Saturday, October 28, 2006

Happy Decapitated Pumpkin Day!

I never really understood this holiday. Now that it has become such a lucrative consumer free-for-all, it's simply an candy begging campaign to occupy the store displays during that lull between Thanksgiving gluttony and X'mas excess. A heathen like me is sorry to see how this solemn day of All Hallows Eve has been turned into sugar-rush marathon dressed up in a itchy, gaudy gorilla suit.

I know haven’t been a very good blog-mistress lately. I could tell you that it’s because we’ve had guests staying with us and a never-ending parade of family and friends coming by to visit. I could tell you that I’ve had the joy of celebrating the birthdays of both my DH and grandpa within a week of each other. I could tell you that work has been turned upside down and sideways. I could tell you that my final push of food preserving has left me so busy that I’m cross-eyed.

It would be true but really, all that wouldn’t make this past week any different than any other week.

The real reason why I haven’t been posting?

I’m obsessed with my new knitting project:
















I’m making a kimono sleeved shrug wrap. Yes! It’s finally sweater season! Yippee!

For knit-geeks: The background colours are, of course, Noro yarn. I’m using a Silk Garden No. 34 and a Kureyon no. 178. I’m also using Marks & Kattens Feelings yarn leftover from a wedding afghan I did for my sis-in-law and her DH. You can’t really tell from these shots but the Feeling’s yarn pattern is based on a motif from a plant pot.

It took me a few days and several cathartic frogged attempts to finally figure out the pattern. Initially I was going to use the Noro for the motif and the Feelings yarn for the background but it just didn’t look right. Then I tinkered with the motif a bit. After a week of knitting, I finally managed to finish one sleeve and I’m ready to dive into the other sleeve. As usual, I’m doing it all on circular needles and I’m trying to get away with doing as little seaming as possible.

I still haven’t designed the collar yet but I figure the sweater will tell me what sort of collar it wants when I get to that point.

However, as obsessed as I am with my new project, I haven’t been starving. Especially since I am blessed with friends and family who show up at my door with local bounty. I have a couple packages of moose steaks and sausage in the freezer thanks to DH’s family’s generosity. I can’t wait to get into those.

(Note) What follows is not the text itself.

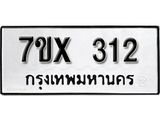 รับจองเลขทะเบียนรถ 312– หมวดใหม่ (หมวดเก่าเรามีบริการ จากกรมขนส่ง)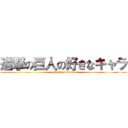 進撃の巨人の好きなキャラ (attack on titan)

Last week, we had friends show up with an armful of locally picked chantrelles!








I made a chantrelle chowder. I sautéd the sliced chantrelles in a little bit of smoked bacon dripping and butter. Remove the chantrelles and brown up some chopped local veggies (potatoes, carrots, corn, celery, onion) and added a litre of homemade chicken stock. I let it simmer for a few minutes and voila, a soup fit for a queen!
















My friend, Karin, and I also made a batch of gnocchi this past week. Not just any gnocchi but purple Peruvian potato gnocchi and a batch of butternut squash gnocchi. The Peruvian purple ones look like Grimace turds but would assume they taste much better than that. Grimace turds probably taste like rancid McGrease.

My Fast and Dirty gnocchi recipe is as follows:

1-2 cups mashed veggie – starchy potato like Yukon gold, russet. Don’t use waxy potatoes like red potatoes. You can also use winter squash, yams, sweet potato. To the potato dough base you can also add roasted garlic, eggplant, pesto, spices, sundried tomato, spinach, tapenade, fermented black bean, miso, chickpeas. This is one of those recipes that is ripe for experimentation.

2-3 cups flour – I used locally milled organic Red Fife wheat flour.

1 egg

pinch of salt & pepper.

Mix the mashed vegetables and egg and salt in a big bowl. Add a cup of flour and mix well. Add more flour in 1/3 cup increments, mixing until the flour is incorporated into the dough. Basically add flour and knead until the dough isn’t sticky anymore.

Pull of a ball of dough and roll that into a ¾ inch snake. Cut it into 2cm pieces. Roll each piece against the tines of a fork so they get a grooved pattern. The grooves provide a place for the sauce to hang out.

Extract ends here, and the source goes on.